本山にお参りすると、二つの巨大な寺院建築を目にすることができます。向かって右側のひときわ大きな建物は御影堂で、宗祖親鸞聖人の御真影を安置しています。左側には、阿弥陀如来を本尊とする阿弥陀堂があります。
御影堂、阿弥陀堂の両堂は、明暦四年(一六五八)の本格的な建立以来、度重なる大火によって焼失しては再建することを繰り返してきました。幕末の動乱の中、元治元年(一八六四)に起こった蛤御門の変(禁門の変)によって類焼した時も、両堂の早期再建が、宗門内の人々の強い願いとなっていました。
再建工事は、明治一三年(一八八〇)に至ってようやく始まりました。全国からたくさんの懇志が寄せられ、工事に携わる人員も続々と集まりました。それでもまだ深刻だった財政難を打開するため、「相続講」という組織も新たに設けられました。相続講は、念仏の教えの相続と、本山の護持を意図して、今日まで続いています。

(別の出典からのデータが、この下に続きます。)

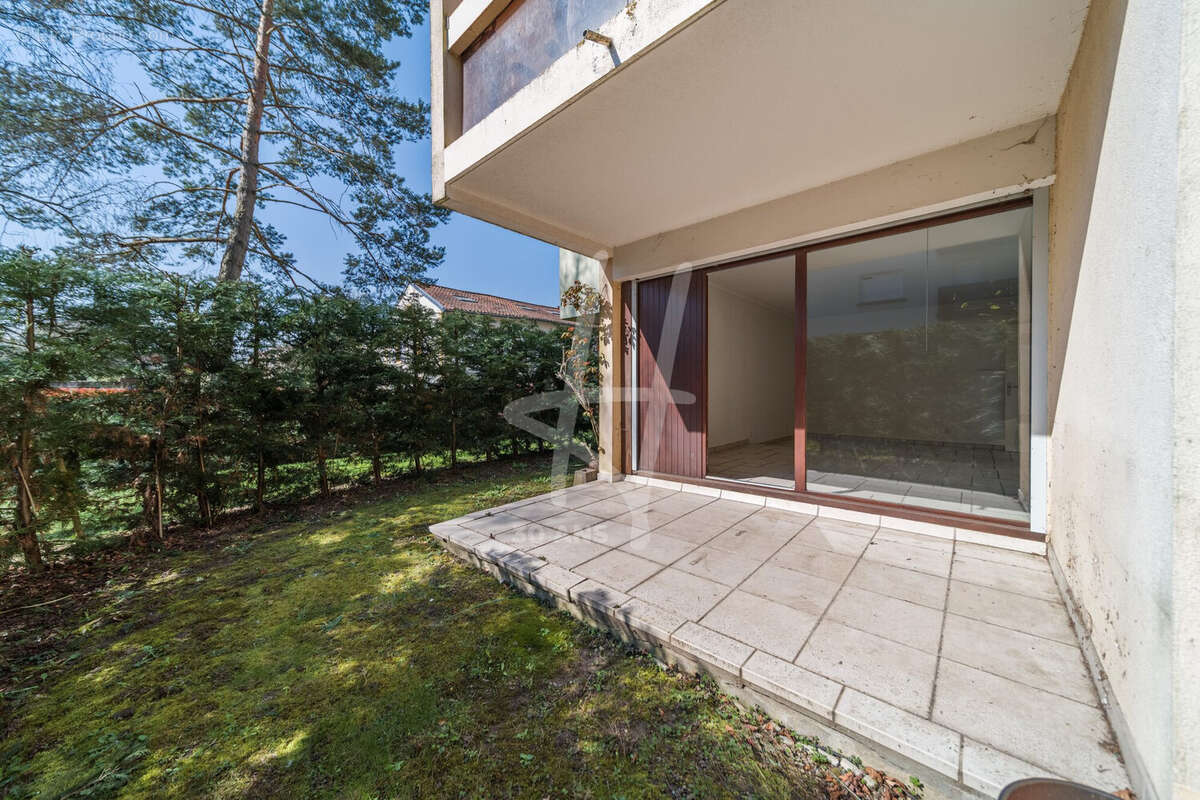 Appartement à LE BAN-SAINT-MARTIN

世界最大級の木造建築物とされる御影堂、及び阿弥陀堂には、各地から集められた巨木が数多く使われています。用材の搬出の際には、引き綱が切れるなどの事故で、多くの犠牲者が出ることもありました。そのため、より強い引き綱を求めて、女性の髪の毛と麻を撚り合わせて編まれたのが「毛綱」です。当時全国から五十三本もの毛綱が寄進され、最大のものは長さ一一〇メートル、大き四〇センチ、重さが約一トンもありました。現在雨堂の間の渡り廊下に、その一本が展示されています。
↑毛綱
多くの人々の再建への篤い志と、惜しみない労苦によって、明治二八年(一八九五)に現在の両堂が完成しました。本山両堂の再建は、まさに門徒の総力を結集した大事業だったのです。
↑『真宗入門Q&A』(大阪教区)より引用
▼住職から最後のひと言
世界最大級の木造建築物、単に建物の大きさに驚くだけでなく、私たちの先達方がこうしてまで再建し、相続されてきたのは何故か…。その志願の大きさを考えたいと思います。
本年いよいよ両堂修復が始まります。